[Given material]

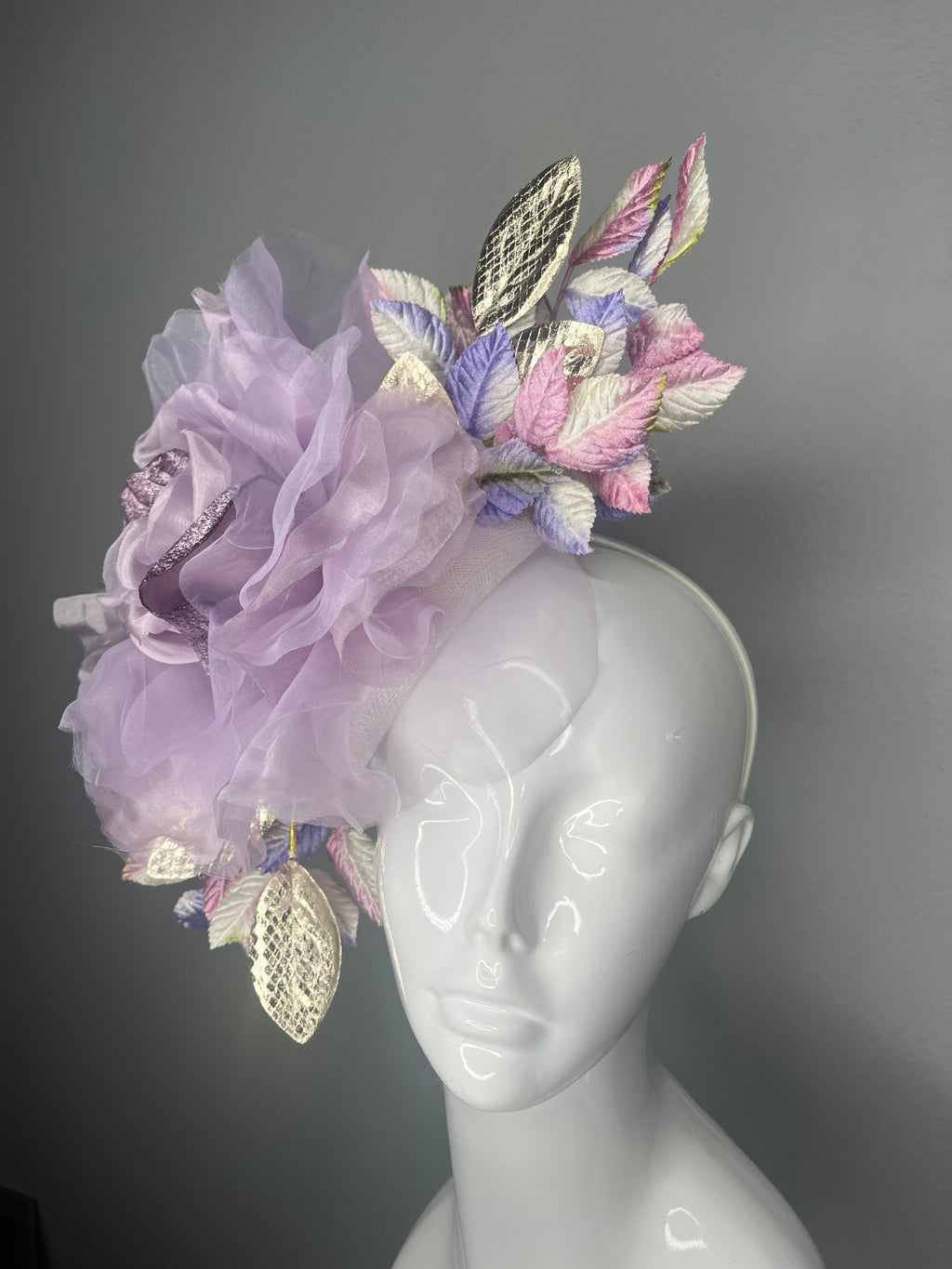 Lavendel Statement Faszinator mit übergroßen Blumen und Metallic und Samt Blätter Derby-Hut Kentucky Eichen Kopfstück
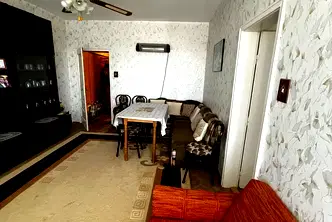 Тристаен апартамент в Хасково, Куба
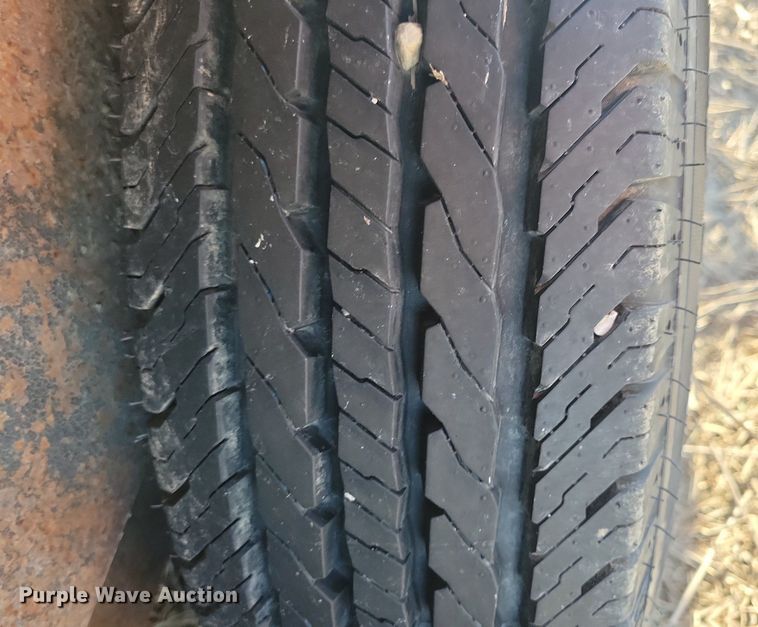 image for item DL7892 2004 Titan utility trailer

[/Given material]

• _Exercise_:
Retype the whole of the data verbatim. Skip every picture.

• _Output_:
 Lavendel Statement Faszinator mit übergroßen Blumen und Metallic und Samt Blätter Derby-Hut Kentucky Eichen Kopfstück
 Тристаен апартамент в Хасково, Куба
 image for item DL7892 2004 Titan utility trailer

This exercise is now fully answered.